La vicenda, articolata in tre periodi, racconta 40 anni di storia italiana (tra gli anni ’70 e i giorni nostri) analizzando la vita di Anna Nigiotti in Michelucci, una donna di luminosa bellezza e dal carattere vivace, e della sua famiglia. La troviamo giovane mamma (Micaela Ramazzotti) vincere quasi per acclamazione un concorso di bellezza: ‘Miss mamma-estate 1971’, tra l’imbarazzo del figlio Bruno e il disappunto del marito, il che fa esplodere la gelosia dell’uomo, fino a cacciarla di casa. La vediamo barcamenarsi con i bambini piccoli – 6 anni Valeria, 8 anni Bruno - tra alloggi provvisori e protettori interessati; lavori saltuari e fugaci ravvicinamenti con il marito, che però prova a riprendersi i figli e a metter su famiglia con la sorella di lei.

In un altro momento della vita, Anna (ancora Micaela Ramazzotti), è leggermente invecchiata, con i capelli raccolti, e i figli adolescenti. Infine ritroviamo Anna anziana (Stefania Sandrelli) in un reparto per cure terminali, ancora vivace e allegra, malgrado la grave malattia.

Tutta la storia è rievocata, attraverso l’uso del flash-back, da Bruno, ormai uomo fatto (Valerio Mastandrea) che ha scelto di allontanarsi da Livorno e lasciarsi alle spalle la famiglia che tanto l’ha segnato: è un uomo scontento e anaffettivo, continuamente in fuga.
Ma a causa della malattia della mamma, la sorella Valeria (Claudia Pandolfi) lo va a cercare e lo trascina, seppur riluttante, nella città natale e tra i ricordi del passato. Tra le stramberie e gli eventi inaspettati che quella mamma allegra e prorompente continua a propinare a tutta la famiglia.

L’impegno maggiore degli sceneggiatori (Francesco Bruni e Francesco Piccolo, oltre allo stesso Virzì) è stato quello di sintetizzare gli eventi salienti di tre stagioni della vita familiare. Non vengono mai richiamati aspetti sociali o politici, anche se gli eventi si svolgono in anni cruciali.

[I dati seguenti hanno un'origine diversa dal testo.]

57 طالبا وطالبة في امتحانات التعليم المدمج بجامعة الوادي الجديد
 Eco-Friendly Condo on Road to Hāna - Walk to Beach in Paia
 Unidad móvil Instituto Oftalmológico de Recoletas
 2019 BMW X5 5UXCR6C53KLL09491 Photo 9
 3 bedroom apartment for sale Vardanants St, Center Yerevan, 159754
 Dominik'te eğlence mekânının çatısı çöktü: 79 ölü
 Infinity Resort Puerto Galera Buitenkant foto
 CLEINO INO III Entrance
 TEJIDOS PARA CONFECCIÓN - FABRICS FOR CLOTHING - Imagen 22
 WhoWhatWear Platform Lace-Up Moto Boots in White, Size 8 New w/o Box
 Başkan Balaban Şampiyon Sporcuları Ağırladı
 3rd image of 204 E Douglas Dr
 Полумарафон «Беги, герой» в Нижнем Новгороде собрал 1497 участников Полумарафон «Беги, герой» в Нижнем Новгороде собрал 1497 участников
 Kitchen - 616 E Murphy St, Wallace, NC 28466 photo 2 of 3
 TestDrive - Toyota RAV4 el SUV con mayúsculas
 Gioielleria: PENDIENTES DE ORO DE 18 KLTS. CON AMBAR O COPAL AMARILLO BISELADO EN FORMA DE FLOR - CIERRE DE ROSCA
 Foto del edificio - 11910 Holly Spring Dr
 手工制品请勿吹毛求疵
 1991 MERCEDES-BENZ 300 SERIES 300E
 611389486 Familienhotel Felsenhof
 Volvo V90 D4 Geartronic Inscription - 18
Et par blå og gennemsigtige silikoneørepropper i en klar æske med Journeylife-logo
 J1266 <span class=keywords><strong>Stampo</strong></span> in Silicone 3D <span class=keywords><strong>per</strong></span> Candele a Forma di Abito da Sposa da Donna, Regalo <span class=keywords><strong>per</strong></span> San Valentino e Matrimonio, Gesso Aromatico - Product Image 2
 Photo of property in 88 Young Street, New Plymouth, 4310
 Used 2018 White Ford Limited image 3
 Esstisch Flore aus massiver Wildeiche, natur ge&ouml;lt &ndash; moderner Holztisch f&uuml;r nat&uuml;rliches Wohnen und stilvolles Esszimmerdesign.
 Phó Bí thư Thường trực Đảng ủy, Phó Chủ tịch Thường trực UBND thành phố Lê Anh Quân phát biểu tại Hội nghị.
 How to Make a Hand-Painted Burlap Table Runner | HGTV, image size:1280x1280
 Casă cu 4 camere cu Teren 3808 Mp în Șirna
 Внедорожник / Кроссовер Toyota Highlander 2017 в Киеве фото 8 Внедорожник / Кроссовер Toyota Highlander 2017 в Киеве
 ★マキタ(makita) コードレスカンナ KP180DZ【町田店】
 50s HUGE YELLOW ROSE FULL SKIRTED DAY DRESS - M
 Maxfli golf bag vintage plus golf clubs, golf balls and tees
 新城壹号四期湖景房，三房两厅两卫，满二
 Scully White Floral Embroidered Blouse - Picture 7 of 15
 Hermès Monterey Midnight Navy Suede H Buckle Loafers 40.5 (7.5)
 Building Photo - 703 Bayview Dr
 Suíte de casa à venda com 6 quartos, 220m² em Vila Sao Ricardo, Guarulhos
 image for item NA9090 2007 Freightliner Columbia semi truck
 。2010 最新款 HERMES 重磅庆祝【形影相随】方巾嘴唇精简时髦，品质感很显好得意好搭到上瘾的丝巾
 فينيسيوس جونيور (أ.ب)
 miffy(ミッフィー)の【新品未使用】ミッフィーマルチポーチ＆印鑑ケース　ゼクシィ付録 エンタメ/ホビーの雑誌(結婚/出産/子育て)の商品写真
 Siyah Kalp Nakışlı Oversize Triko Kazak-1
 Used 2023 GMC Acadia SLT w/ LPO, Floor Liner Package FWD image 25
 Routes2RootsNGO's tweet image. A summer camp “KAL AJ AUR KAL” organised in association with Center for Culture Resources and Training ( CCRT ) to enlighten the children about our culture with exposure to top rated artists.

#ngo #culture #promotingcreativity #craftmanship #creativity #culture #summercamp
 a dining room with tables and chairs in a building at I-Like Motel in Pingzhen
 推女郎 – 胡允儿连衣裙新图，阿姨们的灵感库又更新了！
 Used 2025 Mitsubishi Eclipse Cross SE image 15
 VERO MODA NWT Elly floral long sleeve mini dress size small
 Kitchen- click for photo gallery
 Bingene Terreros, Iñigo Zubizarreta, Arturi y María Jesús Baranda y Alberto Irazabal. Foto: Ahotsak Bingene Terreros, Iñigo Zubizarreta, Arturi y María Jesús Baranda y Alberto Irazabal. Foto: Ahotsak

Una moltitudine di attori (6 + 1..!) ad impersonare i figli, mentre per il personaggio di Anna si è fatta la scelta di due diverse attrici.
Scommessa non completamente vinta, malgrado la bravura di entrambe le attrici, per la forte caratterizzazione di personalità e di aspetto fisico di ciascuna di esse. Mentre funziona bene l’alchimia tra Stefania Sandrelli e Valerio Mastandrea: madre svitata, di un’allegria contagiosa, e figlio ‘musone’ e irrisolto (anche il Bruno bambino è perennemente imbronciato). Così come è credibile il rapporto tra fratello e sorella da adulti (Mastandrea/Pandolfi).

Il film è una bella rivisitazione - o un tardo epigono - del genere ‘commedia all’italiana’, alla maniera di Scola più che di Monicelli vista l’assenza del suo proverbiale e dissacrante cinismo.

A differenza di altri film di Virzì, più comici ma con uno sfondo in definitiva pessimista, qui sembra l’ottimismo la cifra dominante, pur tra le ugge del presente e gli inevitabili dolori della vita. Forse in diretta relazione - nel mondo reale, alla conferenza stampa di presentazione del film - con la presenza del regista e della giovane moglie (nonché attrice co-protagonista) Micaela Ramazzotti, con un pancione da gravidanza avanzata.
Si insiste sui buoni sentimenti e su una visione della vita allegra e positiva, ma – per citare un Virzì d’annata (1997) - la leggerezza e la Livorno di ‘Ovosodo’ erano un’altra cosa.